Dropsuite Limited (formerly branded as Dropmysite) is a software platform founded in 2011 that provides cloud backup, archiving and recovery services based in Singapore. They are a public company listed on the Australian Securities Exchange (ASX:DSE).

Originally, Dropsuite only provided website backup services, but expanded services to include Cloud Backup for Office 365, Cloud Backup for G Suite Gmail, and email archiving. Additional solutions include GDPR Responder, eDiscovery, Insights BI and Ransomware Protection.

Corporation

Company History 
Dropsuite began development under the name Dropmysite in September 2011 when John Fearon’s business website needed a backup solution and he couldn’t find a service that met his needs. Fearon raised $300,000 in a first round of funding on a Singaporean television show called Angel’s Gate. In 2012, he created an email backup service called Dropmyemail.  On October 31, 2013, Charif Elansari took over as CEO. In 2014, a smartphone backup service called Dropmymobile was launched.
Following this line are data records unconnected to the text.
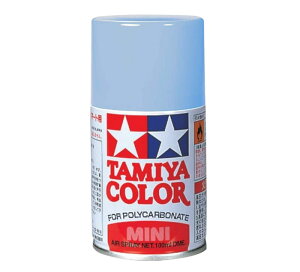 �^�~��(TAMIYA) �|���J�[�{�l�[�g�X�v���[ No.49 PS-49 �X�J�C�u���[�A���}�C�g 86049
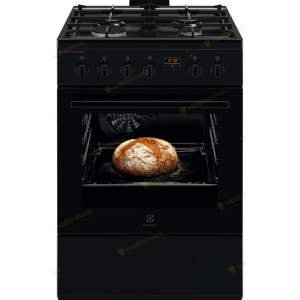 Комбінована плита Electrolux LKK660220K (7022604)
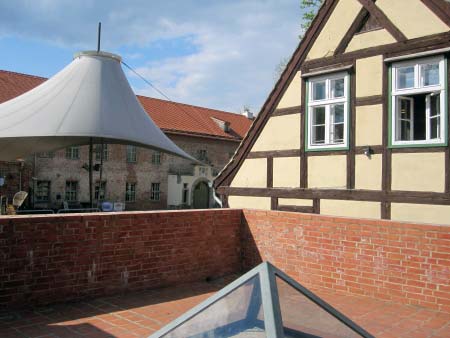 Aussichtsterrasse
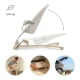 Ringó pihenőágy Mimi Beige wood, 9 kg-ig Ringó pihenőágy Mimi Beige wood, 9 kg-ig Kinderkraft KBMIMI00WOD0000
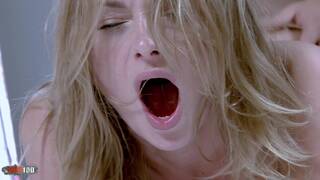 Skinny russian pornstar ivana 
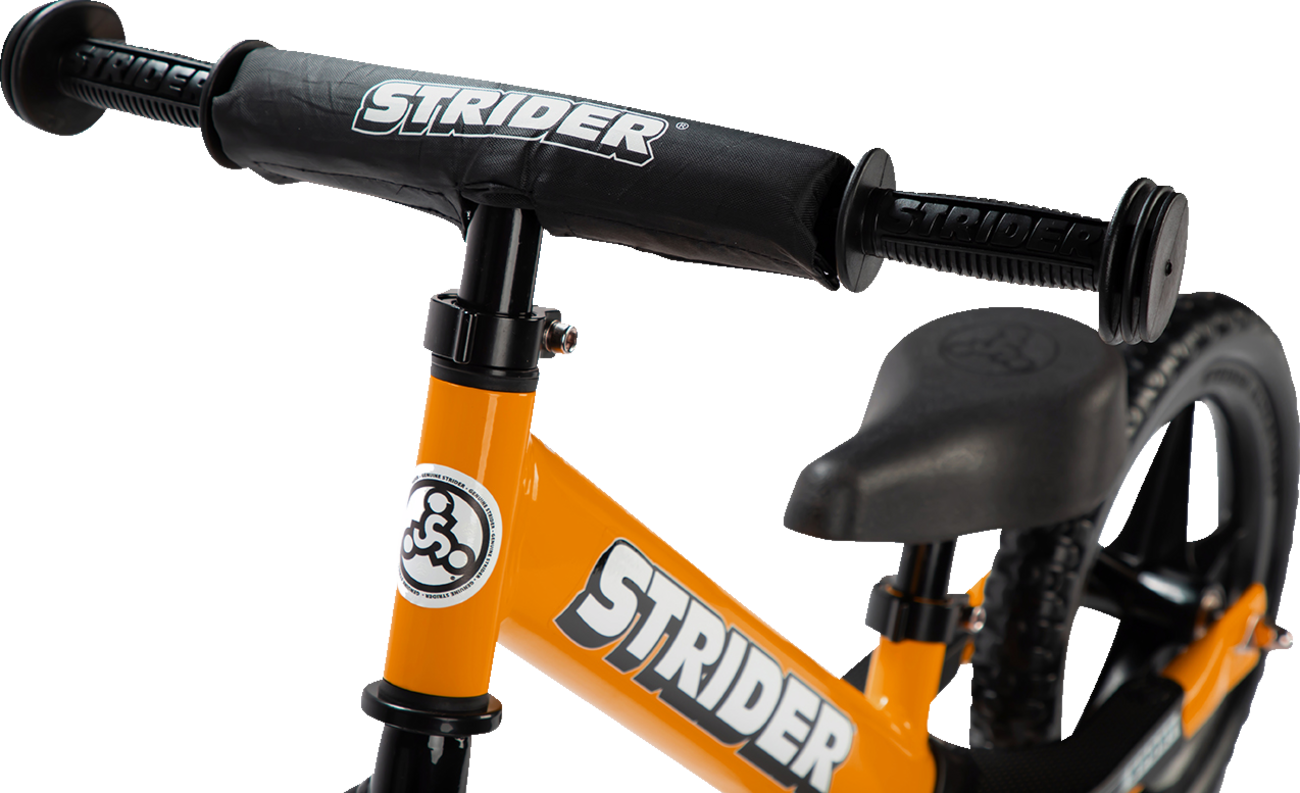 STRIDER 12" Sport Balance Bike - Orange ST-S4OR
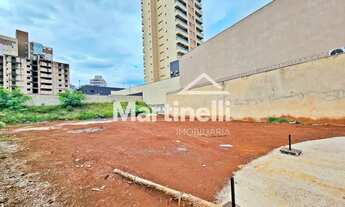 Imagem 2: Terreno residencial / comercial para venda e locação no Bairro Jardim Nova Aliança, próxim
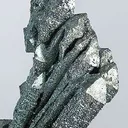 Hematite Pseudomorph After Magnetite - image 5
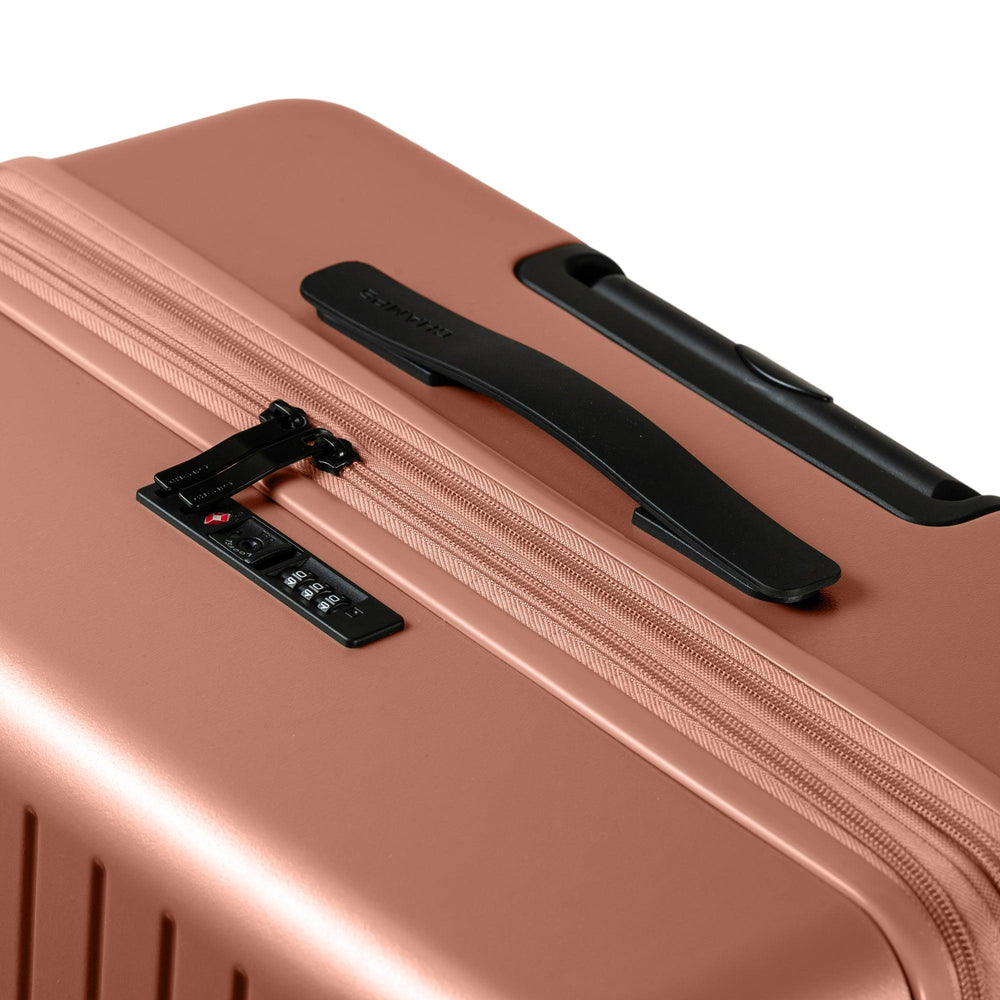 Fresh II / 3-Piece Luggage Set EX-STOCK Canada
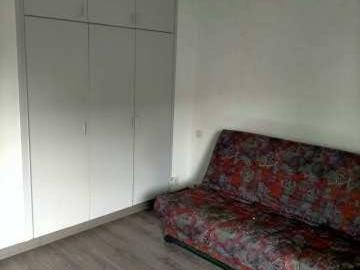 Appartement de 27m2 à louer sur Aix en Provence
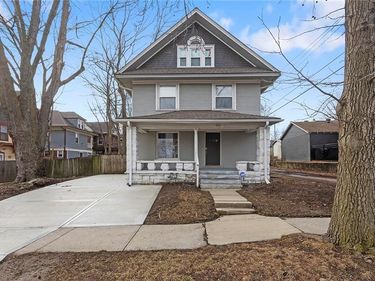 915 E 29th Street, Kansas City, MO 64109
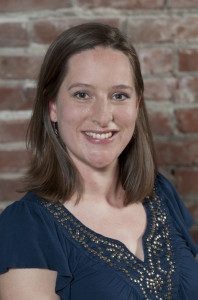 Kristin O’Neill Copywriter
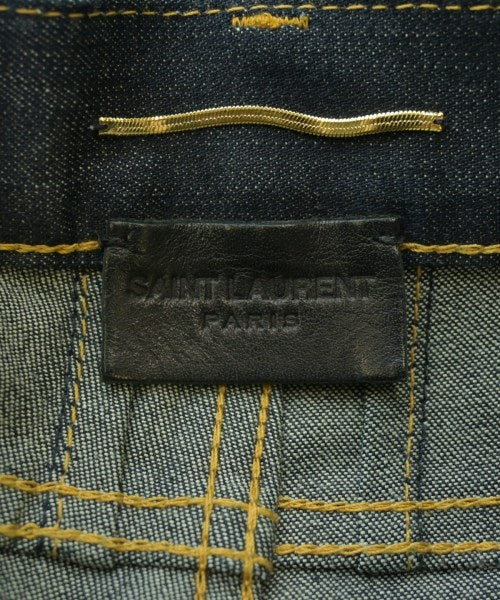 Saint Laurent Paris ยีนส์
Dropmysite has local offices in the US, Singapore, Japan and India. It has entered into partnership with Xpress Hosting, a web-hosting company in Mexico for getting access to 100,000 customers and 500,000 domains.
Dropmysite has also announced partnerships with GMO Cloud and paperboy in Japan. On October 3, 2015, GoDaddy launched a cloud backup service for websites powered by Dropmysite.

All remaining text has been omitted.